Scottish Startup 3D Prints Eco Rocket Engine

3D printed metal rocket engine for the SK-1 vehicle [Source: Skyrora]

Skyrora has designed and now tested a 3D printed rocket engine. 

The Edinburgh-based operation has been developing what they call an “eco rocket” for several years. It’s “eco” because its design produces far less greenhouse gas than conventional rocket mixtures. 

The key to their chemistry seems to be the use of a kerosene fuel that’s been developed from waste materials. This fuel, called “Ecosene”, is made in only 24 hours by processing “certain waste plastics”. From one tonne of waste, they can produce 600kg of Ecosene fuel.
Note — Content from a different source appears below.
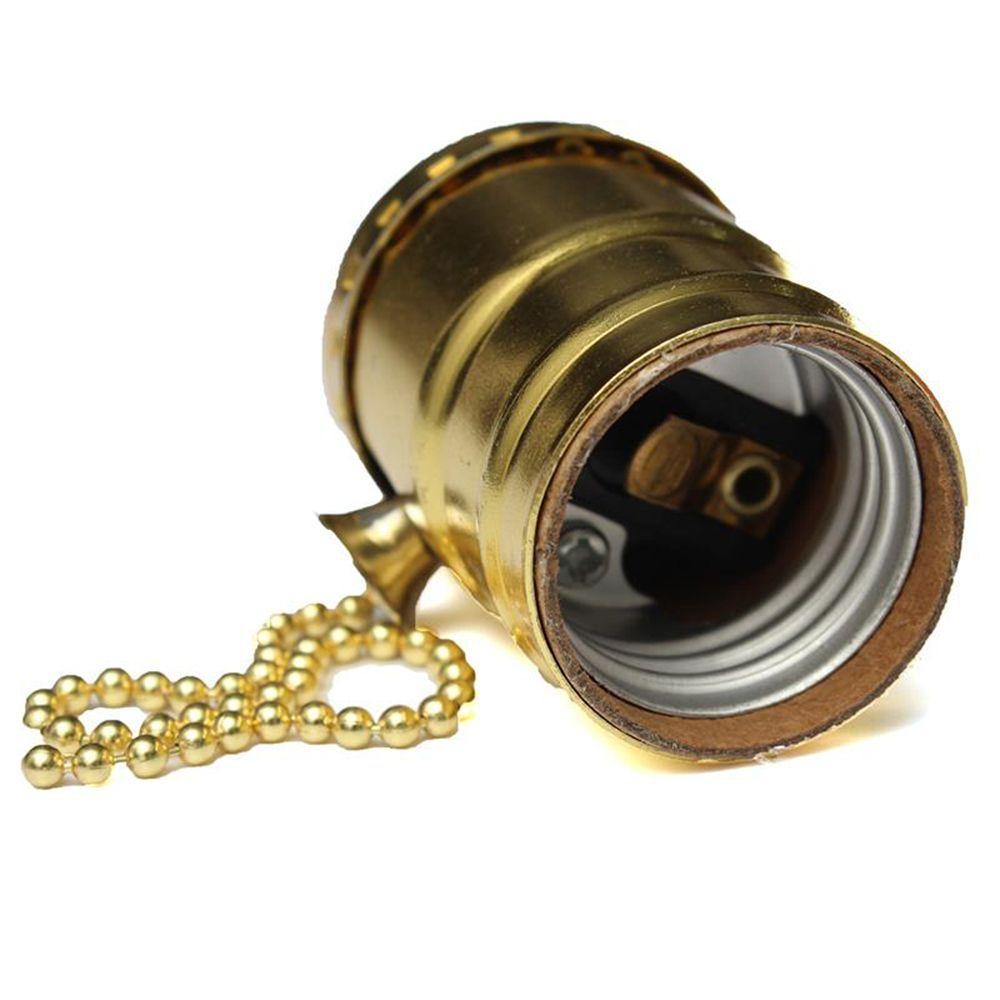 Screw Bulbs Edison E26/E27 Aluminum Shell Accessories Lamp Bases Socket Holder No Switch Lighting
As the oxidizer in the rocket — because fuel must always have an oxidizer — they have chosen to use hydrogen peroxide. This is the same oxidizer used in the German V2 rocket during WWII. The advantage in using hydrogen peroxide is that it is a stable liquid in a wide range of temperatures, unlike other oxidizers, like liquid oxygen, which must be kept at very frosty temperatures. Maintaining liquid hydrogen peroxide is a simple matter. 

3D Printed Rocket Engine

The engine for the Skyrora SK-1 is designers to handle these materials, and it turns out is entirely 3D printed. This is quite advantageous for rocket engines, which typically have tiny cooling channels built into the engine bell, which are extraordinarily difficult to manufacture using conventional methods. This has resulted in Skyrora having a rocket engine with far fewer parts. 

Fewer parts not only means it’s less expensive to assemble, but it’s also lighter weight: there is less need for bolts, nuts and lugs to hold pieces together. Finally, the engine should be more reliable because there are fewer seams to act as points of failure. 


In the past few weeks Skyrora has been actively testing the first engines made using this technique and they were successful. Skyrora fired the engines for a series of 30 second tests without error. 

This is an outstanding example of how 3D printing technology can enable designs not previously possible. And in this case, it allows a startup company to launch satellites to 500km orbits.